As per Section 2(34) of the new Code on Social Security, 2020 (“CSS”), an FTE is any employee who has been engaged directly by the employer through a written contract, for a pre-determined period. Therefore, the employment of the FTE automatically ends upon expiration of the contract period. This definition establishes four important elements: firstly, written contract as the basis of engagement; secondly, pre-defined tenure; thirdly, direct contract with the Principal Employer with no third-party/contractor in between and lastly, person engaged must fall under the definition of “employee”. The Industrial Relations Code, 2020 (“IR Code”) provides a similar yet different definition, which has been discussed below.

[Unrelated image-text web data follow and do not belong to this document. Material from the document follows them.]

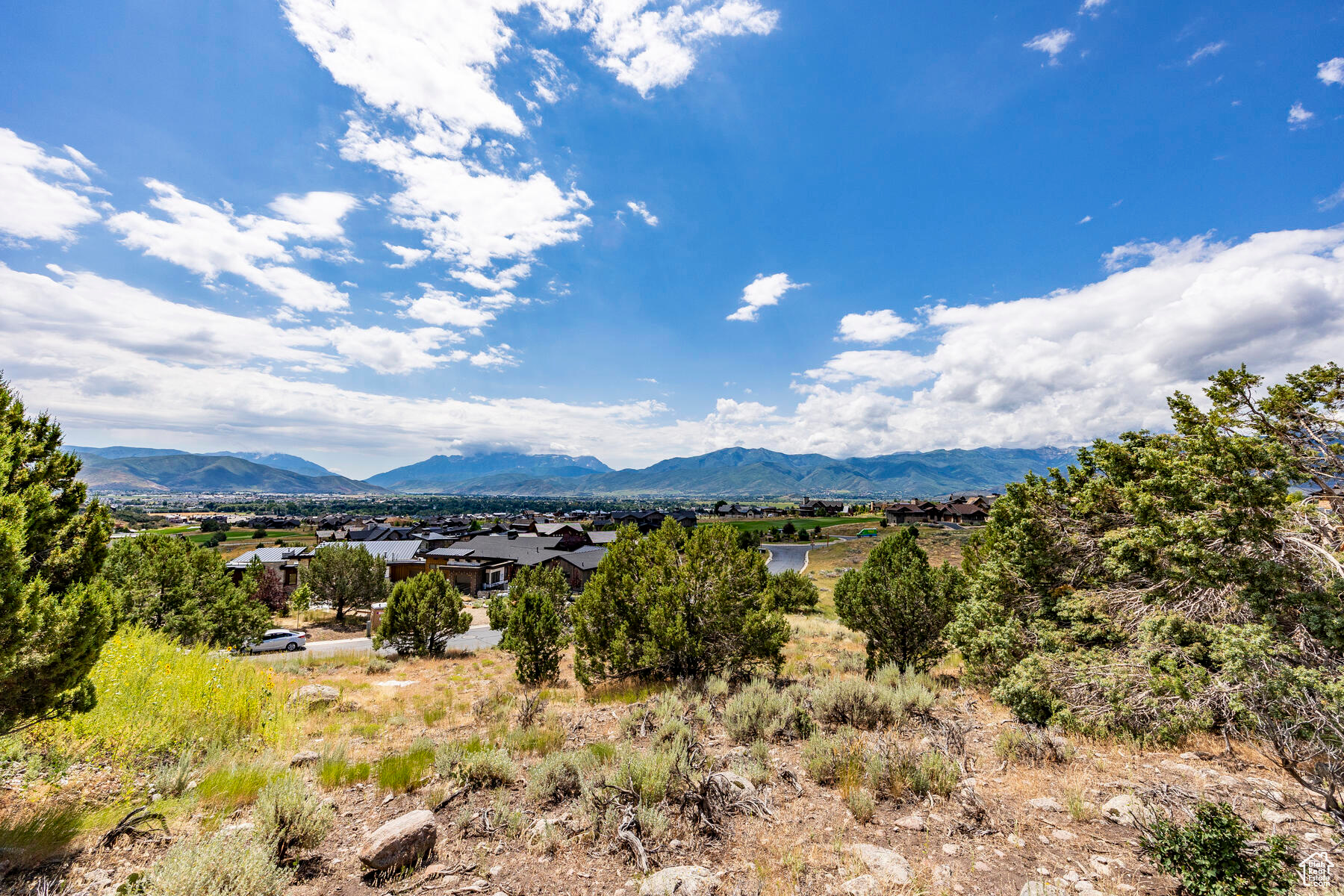 RED LEDGES - Residential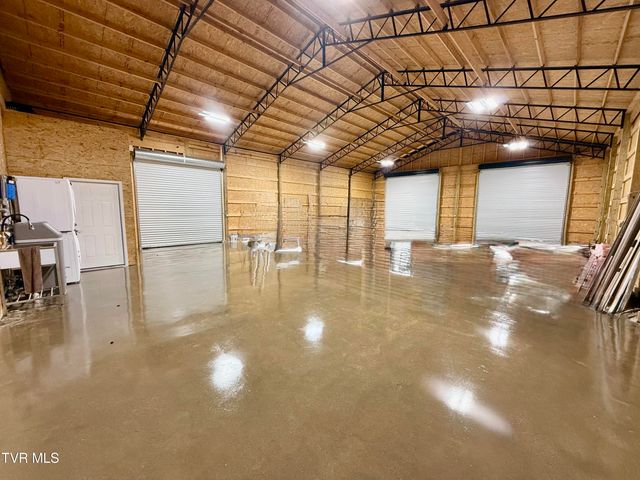 2114 Powell River Rd, Tazewell, TN 37879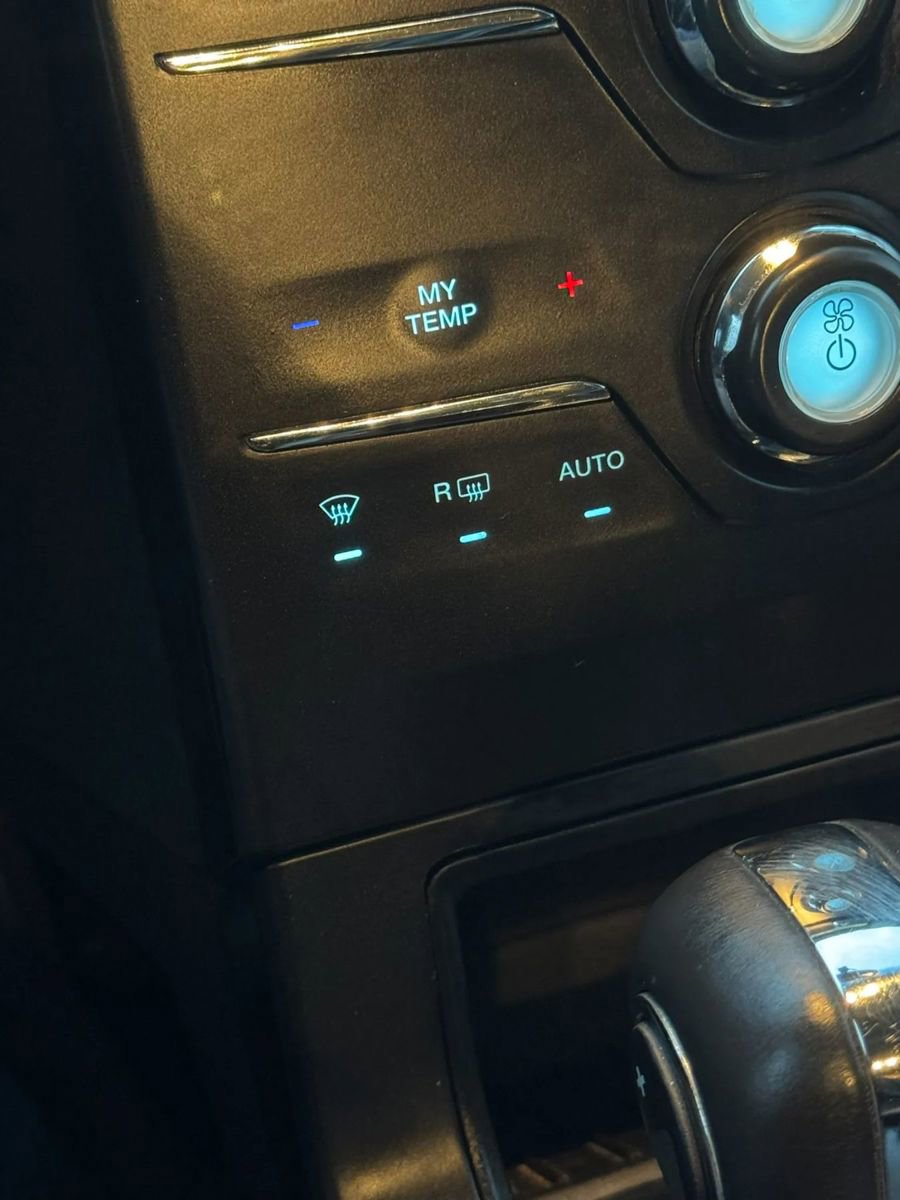 Used 2015 Ford Flex SEL w/ Equipment Group 202A FWD image 36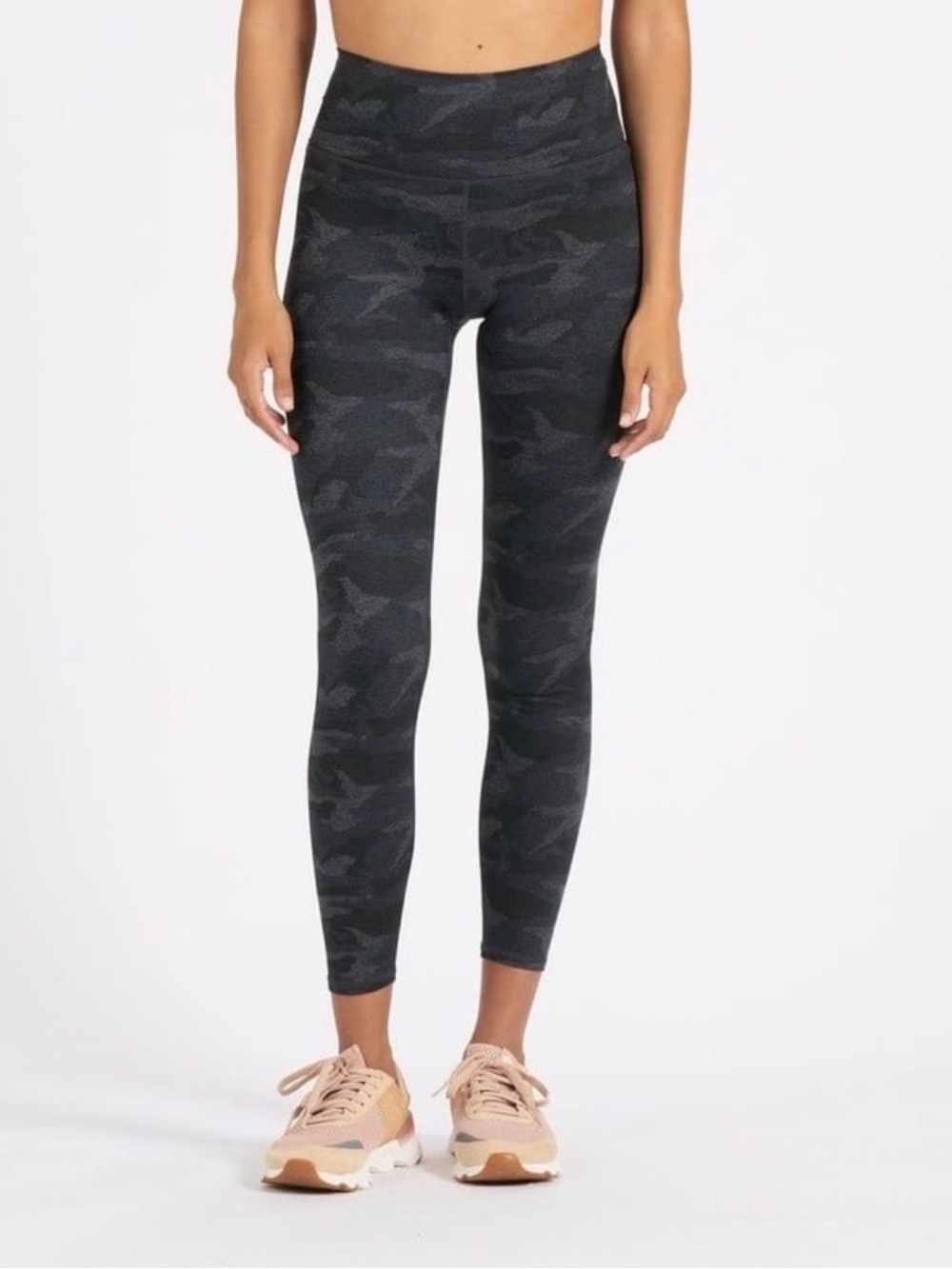 Vuori Clean Elevation Leggings Black Camo XS VW444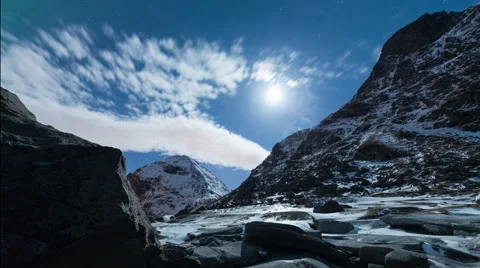 Cloud timelapse over fjords in Arctic Norway 스톡 동영상 47576748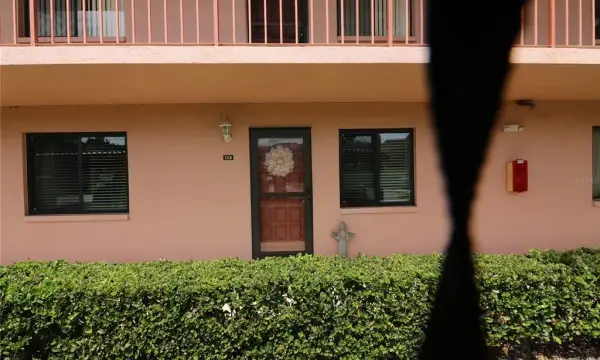 105 Lakeside Court, Unit Elw Vi Unit 5, Oldsmar, FL, 34677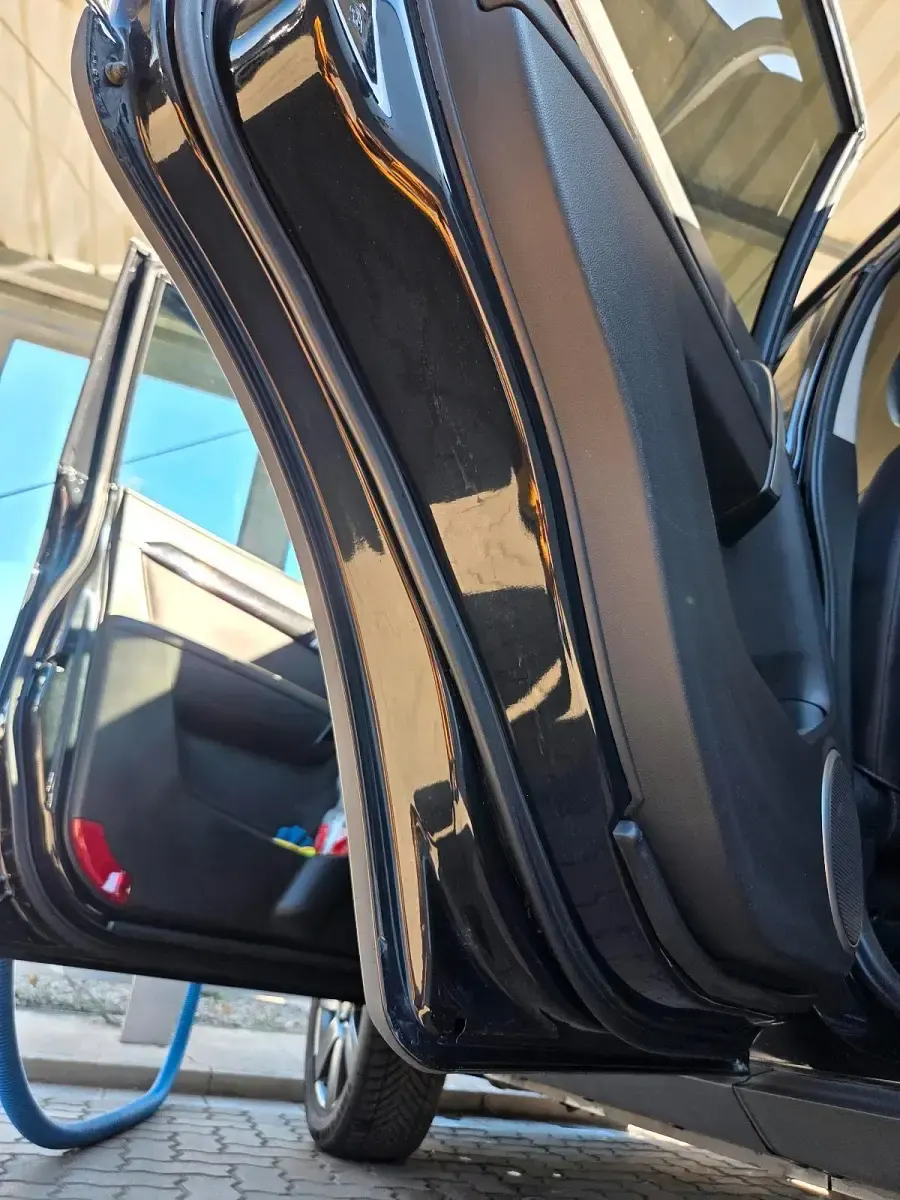 Używany Chevrolet Captiva 184 KM (135 kW) 2012 Czarny SUV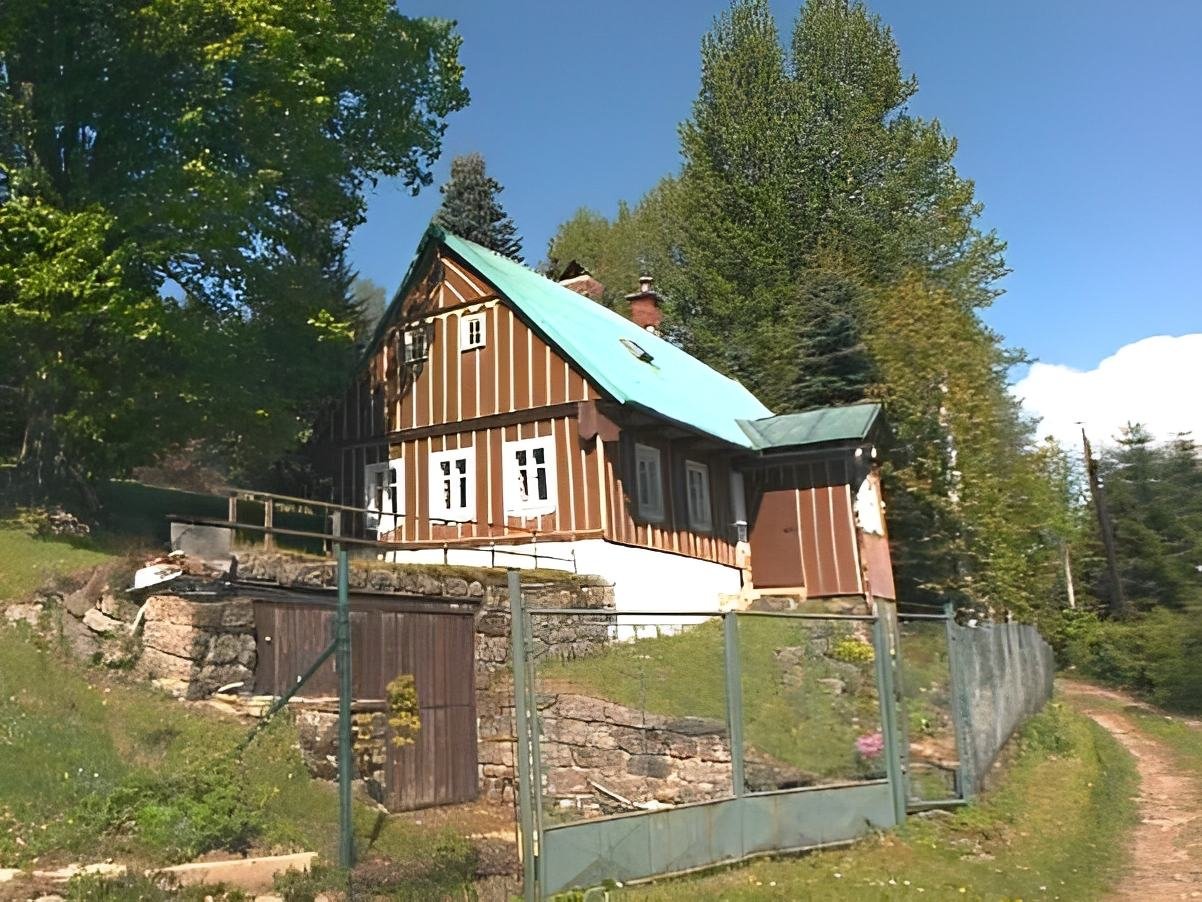 Roubenka na sjezdovce v Dolním Maxově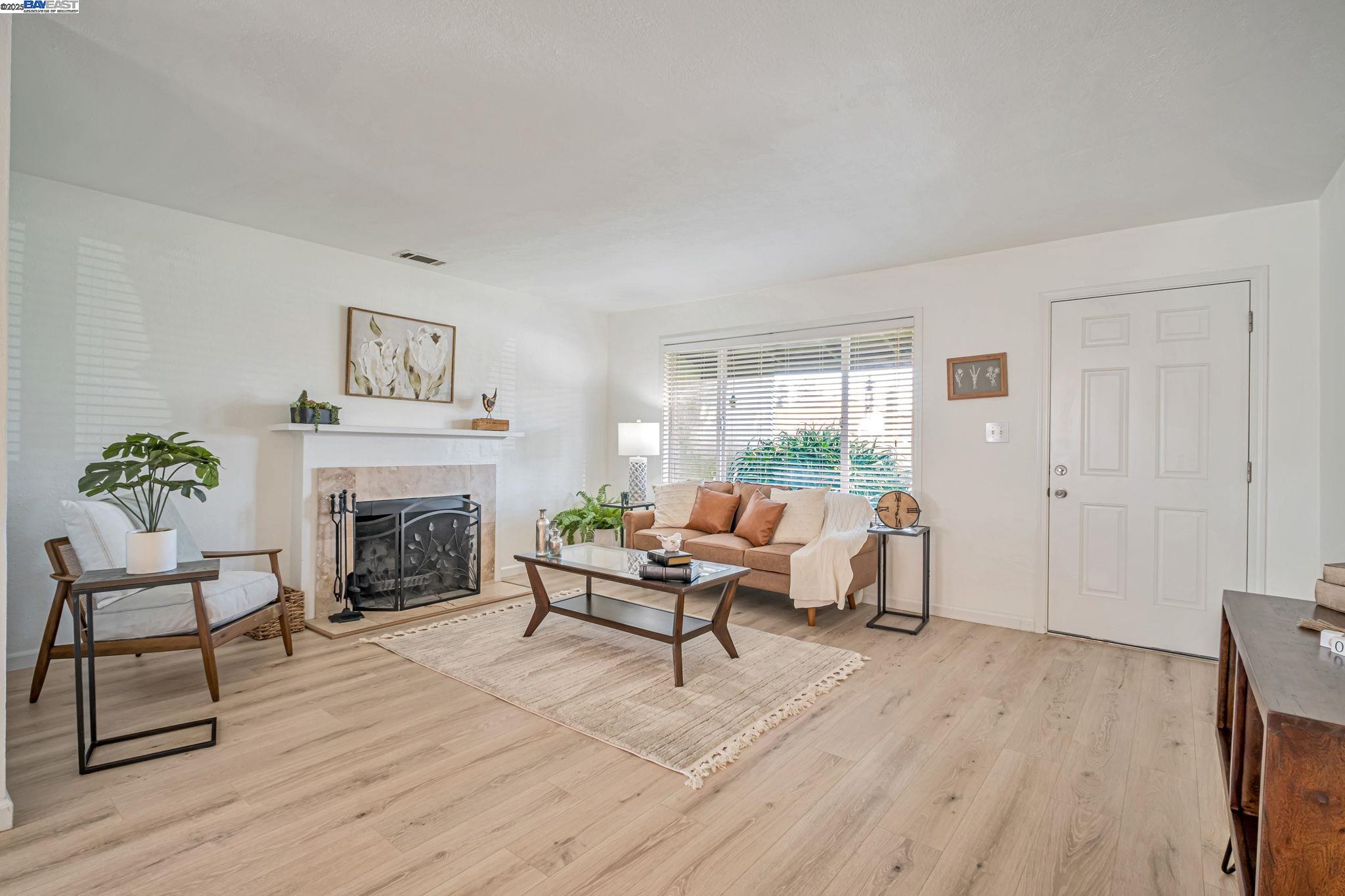 Detail Gallery Image 7 of 33 For 15049 Kesterson St, San Leandro,  CA 94579 - 3 Beds | 1 Baths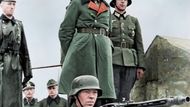 Na snímku Pouštní liška neboli nacistický generál polní maršál Erwin Rommel, právě kontrolující obranu. Na Den D byl zrovna u rodiny, takže přímo na místě do bojů nezasáhl. Nacisté nevěřili, že by spojenecké síly byly už s to zaútočit.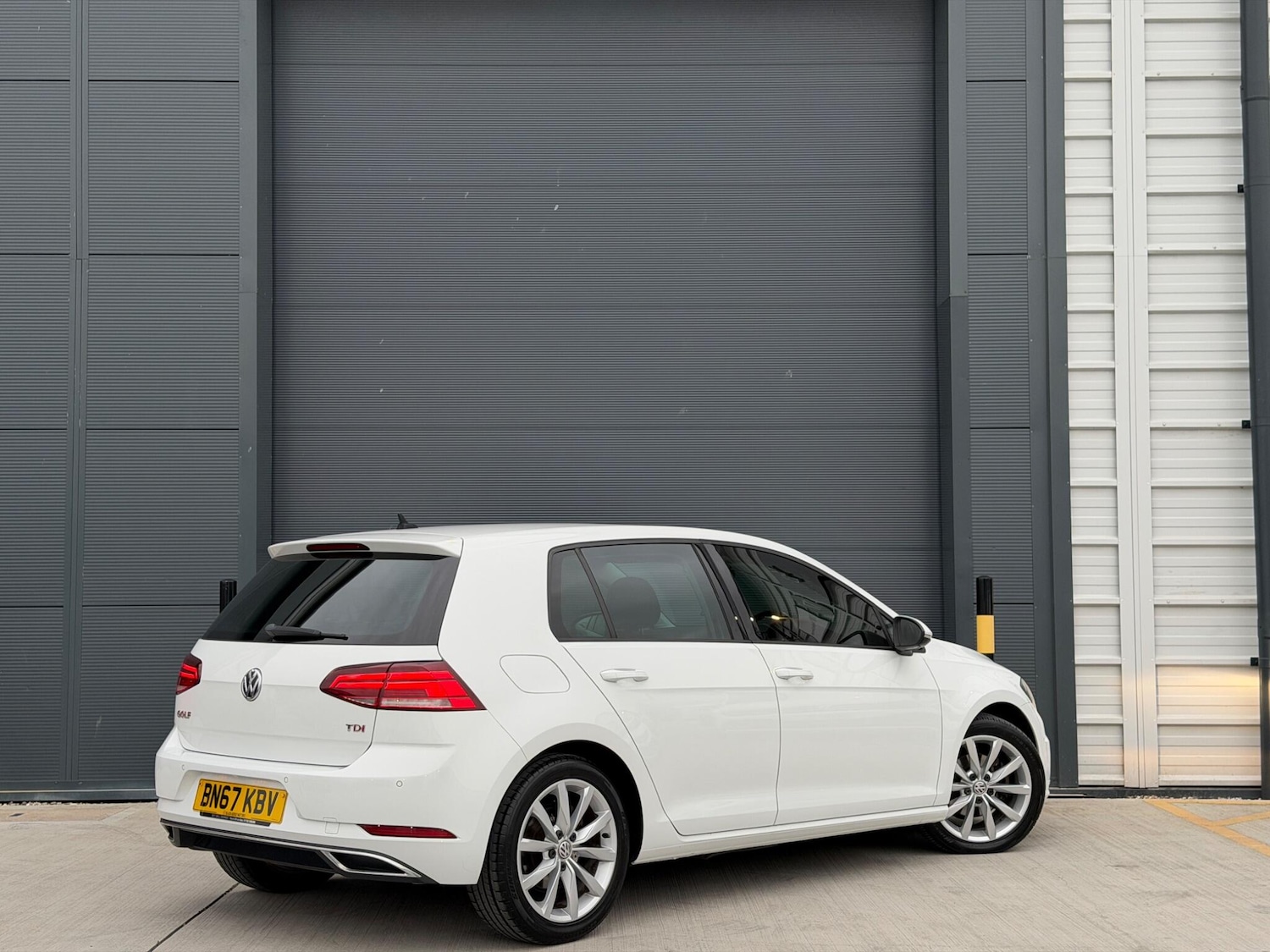 Used Volkswagen Golf 2017 for sale - 78046677: Photo 8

The fixed-term 'worker' and fixed-term 'employee'

By using different nomenclatures, the IR Code and CSS change their scope of coverage. While the definition of fixed-term employment in CSS is in connection with an 'employee', its definition under Section 2(o) of the IR Code is in connection with a 'worker'. Though the essence of the definition mostly remains same, in the IR Code, the term 'Worker' excludes any employee who is serving in a managerial or administrative position, or in a supervisory role and earning more than eighteen thousand rupees per month.

This implies that an employee hired on a fixed-term basis will be given benefits under the CSS but not under the IR Code. For instance, a manager hired through a fixed-term contract will be given maternity benefit, but no retrenchment compensation in case of pre-mature termination of her contract.

Another implication arises for the employers wherein they will have to maintain two different compliance buckets, one for the fixed-term workers and another for fixed-term employees.

Policy rationale for FTEs

The aim of the Central Government while introducing FTEs was to allow the employers to hire workers for a certain project or time period directly without retorting to informal or contractual labour. In this case, their nature of work can be similar to the permanent employees and no prohibition is placed on the same, unlike in the case of contract labour on which Section 57 of the Occupational Safety, Health and Working Conditions Code, 2020 (“OSH Code”) places a limitation that contract labour cannot be hired for performing the core activities in an establishment. The idea is that when the nature of work is same, the benefits attached should be equivalent.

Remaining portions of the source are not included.